*** Opening DATASET EXTRACT ***
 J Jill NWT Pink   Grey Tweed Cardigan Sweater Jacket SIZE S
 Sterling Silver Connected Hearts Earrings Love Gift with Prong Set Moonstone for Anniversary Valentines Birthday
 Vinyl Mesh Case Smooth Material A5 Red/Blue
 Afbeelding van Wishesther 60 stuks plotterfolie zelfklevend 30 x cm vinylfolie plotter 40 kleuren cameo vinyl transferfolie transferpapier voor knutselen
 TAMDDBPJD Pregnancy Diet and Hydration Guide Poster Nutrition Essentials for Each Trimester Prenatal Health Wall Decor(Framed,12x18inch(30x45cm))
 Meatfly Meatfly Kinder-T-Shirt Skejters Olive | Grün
*** Closing DATASET EXTRACT ***
*** Opening DATASET EXTRACT ***
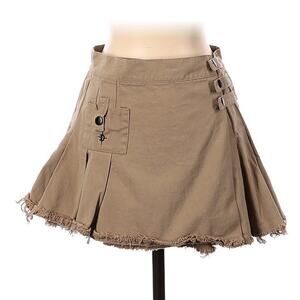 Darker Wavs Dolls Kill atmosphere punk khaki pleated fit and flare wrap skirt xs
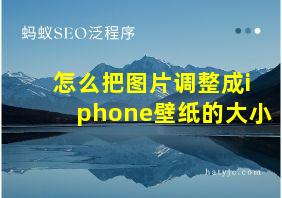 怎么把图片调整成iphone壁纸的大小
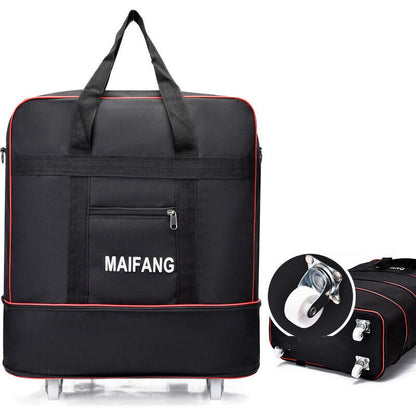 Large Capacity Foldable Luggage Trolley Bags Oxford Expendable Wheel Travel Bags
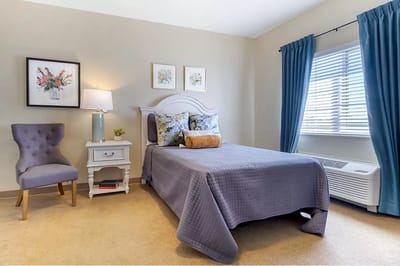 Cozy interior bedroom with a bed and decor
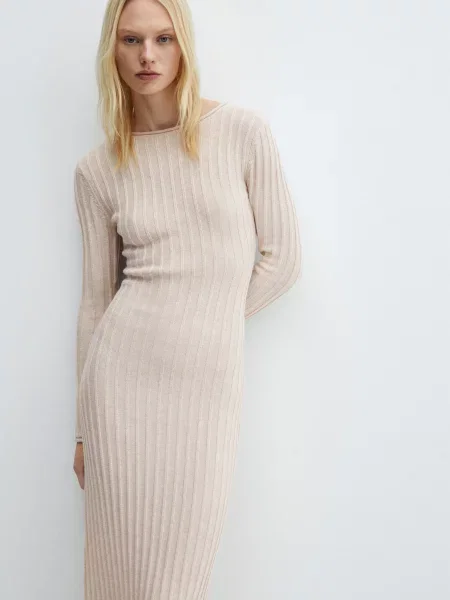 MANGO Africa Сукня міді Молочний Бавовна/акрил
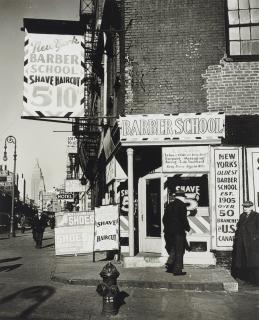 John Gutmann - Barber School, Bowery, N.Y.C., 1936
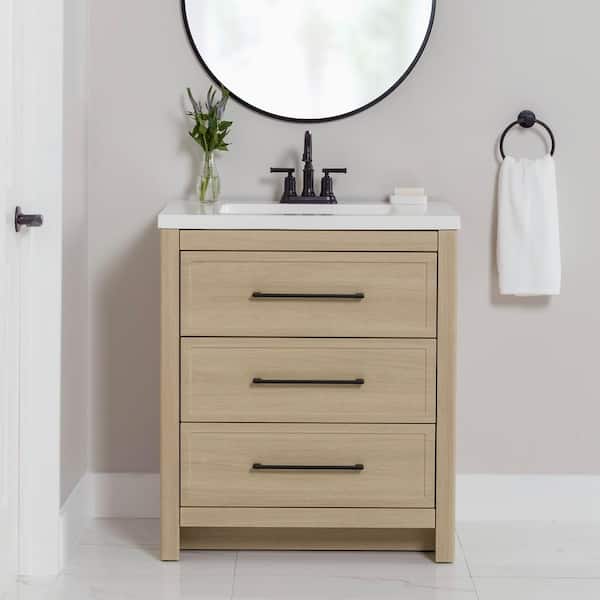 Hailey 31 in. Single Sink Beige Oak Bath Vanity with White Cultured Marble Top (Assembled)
*** Closing DATASET EXTRACT ***
Go down the entries above from the line containing "MANGO Africa Сукня" to the line containing "Hailey 31 in." and write out each line exactly, leaving pictures out.

 MANGO Africa Сукня міді Молочний Бавовна/акрил
 John Gutmann - Barber School, Bowery, N.Y.C., 1936
 Hailey 31 in. Single Sink Beige Oak Bath Vanity with White Cultured Marble Top (Assembled)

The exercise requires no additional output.